JA: My first job was as a museum guide; museums are fascinating places, and the idea that although we are continually living at the point where the future meets the present, that moment will move into someone else’s past. We like to release our music physically and that in itself makes it an artifact that could be found by future archaeologists and end up in a museum. The idea is a future society is trying to understand the early 21st Century as a lived experience based on these songs.



AW: I also like how sci-fi is used here as a way of the past informing the future. Why did you want to make it like that?


JA: There are science fiction themes running through the album from the opening line “We were offered Star Trek but they fed us Soylent Green,” and yes; if you look at old science fiction like Star Trek it actually has formed the future. Technology boffins and designers grew up looking at Kirk’s communicator and Uhura’s ear piece and now we have mobile phones and in-ear devices. The past makes the future. I’ve always been interested in science fiction and the songs were written with the idea that they would be thematically linked and presented as an album rather than simply a collection of individual pieces.



AW: You write very good melodies. Is that something you strive for?

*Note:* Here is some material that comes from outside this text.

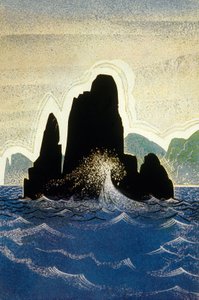 الأوديسة التي كتبها هومر: صخرة جورتين ، نقشها ثيو شميد ، 1930-1933 ليثو اللون بواسطة فرانسوا لويس سميث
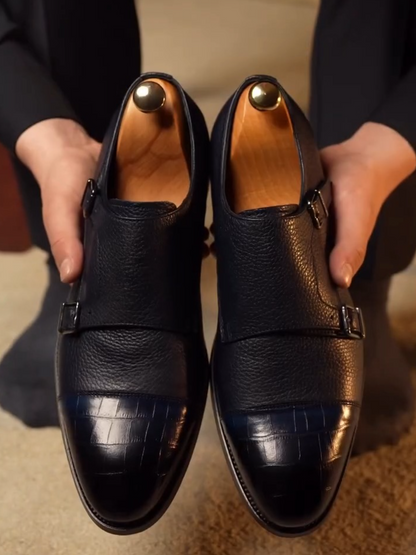 Men's Textured Leather Cap Toe Double Monk Strap Oxfords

JA: Thank you! I think it's derived from the chord structures of the songs. There are a lot of unusual voicings and passing chords and a generally unresolved feel to a lot of the music, which pulls the vocal line in directions it wouldn’t go if it was only straight major/minor chords, so its a natural thing with the way I write. The lyrics always come first. They’re written separately, essentially as poetry. They’re set to music later, which means the music can fit the feel of the words. I find that much easier than doing it the other way around, of starting with a melody and bending words to fit that. It gives much more freedom.



AW: Is “The Day The Earth Caught Fire” about climate change?


JA: It is about climate change; or ‘climate malfunction’. There is a really good British science fiction film with the same title, but it was the fires around Manchester in 2018 that inspired it; they were nowhere near as serious as the fires in California or Australia, but I could see them from the day job office window and they were much bigger than anything we’d had here before. The following February we had temperatures here in the mid-20s (75F) when it should be snowing, or at least very cold and wet. There is still an uplifting and joyous feel to the song, not exactly a ‘party at the end of the world,’ but more a realisation that there is still something we can do about it. As with the rest of the album, it is very dark subject matter, but presented in a bright and hopefully engaging way.



AW: What advice would you give to someone just starting out in music?


JA: Do it. Find your own voice and use it. Don’t worry about what is fashionable, make music that you want to hear and music that means something to you. Go the DIY route and retain control, plan ahead, (a long way ahead!) and enjoy what you’re doing. That bit is very important!